Annulation du procès de Lindsay Clancy pour triple infanticide : les jurés incapables de se mettre d’accord
Le juge a prononcé vendredi l’annulation du procès d’une mère pour le meurtre de ses trois enfants aux États-Unis, les jurés n’étant pas parvenus à s’entendre sur un verdict. Cette affaire a suscité un vif débat sur la santé mentale des mères américaines.
L’unanimité des jurés est requise pour rendre un verdict dans les procès pénaux aux États-Unis. Cependant, le jury au procès de Lindsay Clancy, devant le tribunal de Plymouth, près de Boston, était apparemment divisé entre 11 jurés favorables à l’acquittement sur le fondement de l’irresponsabilité pénale et un juré opposé à ce verdict, selon des échanges filtrés entre le juge, la défense et l’accusation.
Le juge William Sullivan a annoncé sa décision vendredi matin après avoir lu une déclaration écrite des jurés reconnaissant, « le cœur lourd », leur incapacité à s’entendre sur un verdict unanime. Il avait suspendu la décision le temps que la plus haute juridiction de l’État du Massachusetts statue sur l’appel de la défense. Cet appel ayant été rejeté, le juge Sullivan a confirmé sa décision à la reprise de l’audience peu après 14h00 locales.
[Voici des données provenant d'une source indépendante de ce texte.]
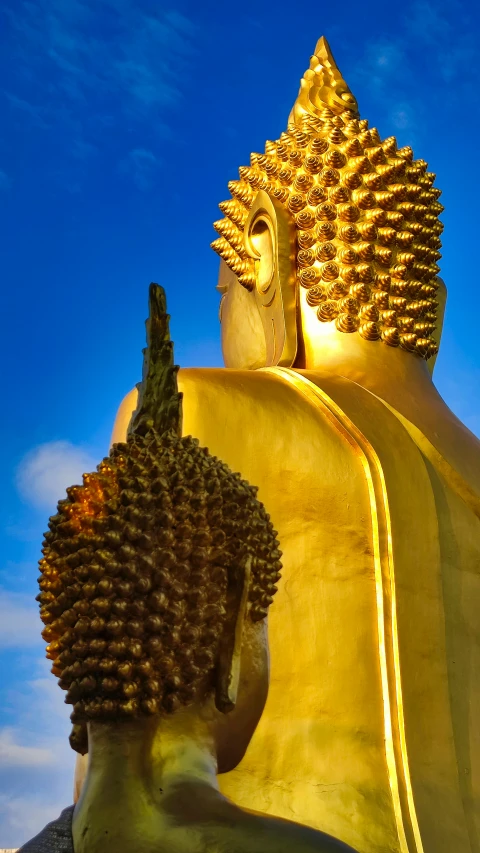 a large golden buddha statue with blue sky in the background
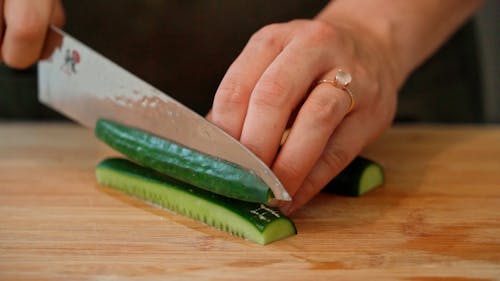 A Person Slicing a Cucumber Using a Kitchen Knife
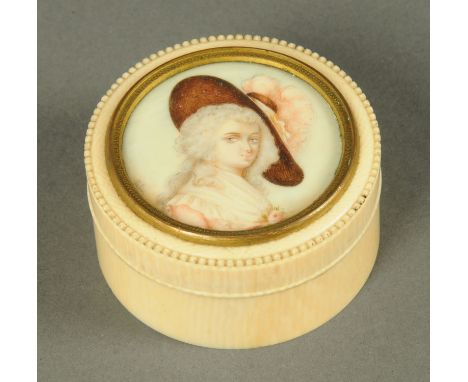 A late 19th/early 20th century cylindrical lidded casket, ivory, with portrait miniature to lid.  Diameter 68 mm. 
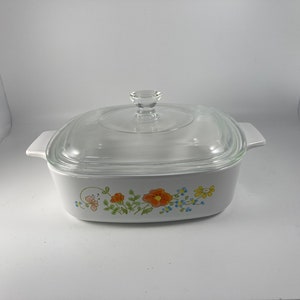 Pu&ograve; includere: Piatto da forno quadrato bianco con coperchio in vetro. Il piatto presenta un motivo floreale con fiori arancioni, gialli, blu e verdi.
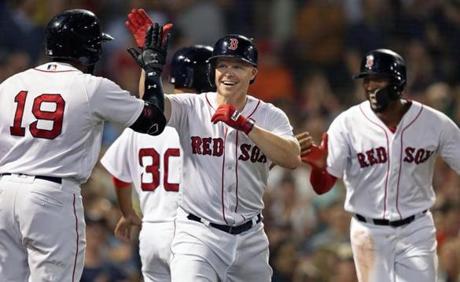 Boston, MA: 9-11-18: The Red Sox Brock Holt is all smiles as he heads for the dugout after his bottom of the seventh inning pinch hit three run home run. The Boston Red Sox hosted the Toronto Blue Jays in a regular season MLB baseball game at Fenway Park. (Jim Davis/Globe Staff)
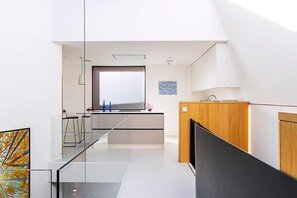 Eine moderne Küche mit großem Fenster, einem Essbereich mit Stühlen und einem Holzkasten.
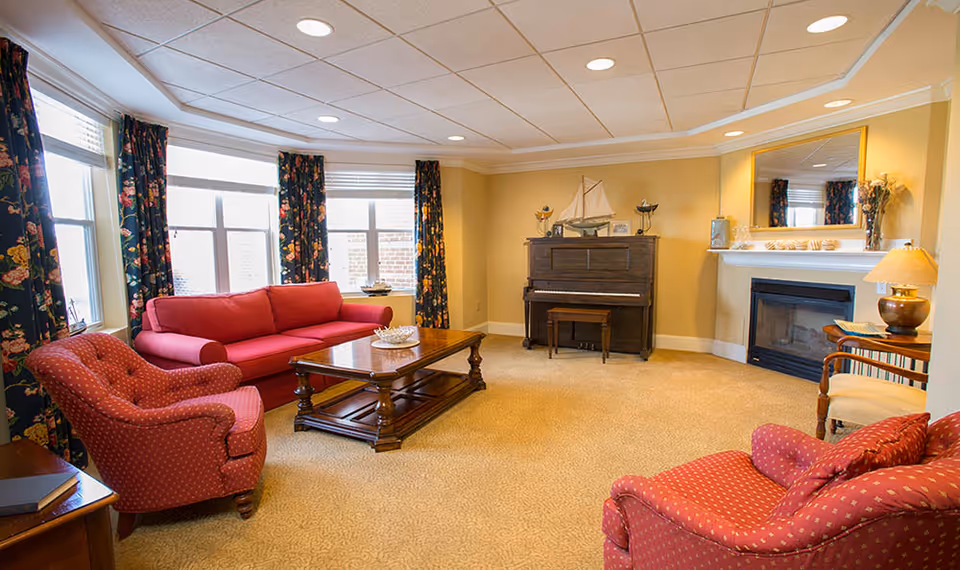 A cozy living room with a red sofa and two red armchairs with patterned upholstery. There is a wooden coffee table in the center, a piano against the far wall, and a fireplace with a mirror above it. The room has large windows with floral curtains and beige carpeted flooring.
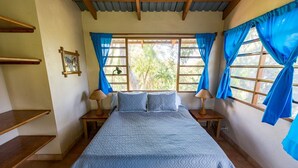 Une chambre à coucher avec un lit, deux tables de chevet, une fenêtre avec des rideaux, un tableau au mur et une étagère en bois.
« Je vais déclarer le jury bloqué et prononcer l’annulation du procès », a-t-il déclaré aux jurés, neuf femmes et trois hommes, qu’il a chaleureusement remerciés d’avoir accompli leur « devoir » de citoyens avant de les libérer. Le constat d’un « jury bloqué » survient lorsque le juge doit prendre acte qu’après plusieurs jours de délibérations, les jurés ne parviennent pas à s’entendre. Dans ce cas, le procès est annulé et peut éventuellement être réorganisé ultérieurement, avec un nouveau jury.
Lindsay Clancy, 36 ans, encourt la prison à vie pour avoir étranglé ses enfants âgés de cinq ans, trois ans et huit mois. L’accusée, qui se déplace en fauteuil roulant depuis qu’elle a tenté de se suicider après ce triple infanticide, reconnaît les faits mais plaide non coupable, sa défense avançant qu’elle souffrait de psychose post-partum. Selon elle, une voix lui aurait ordonné de tuer ses enfants.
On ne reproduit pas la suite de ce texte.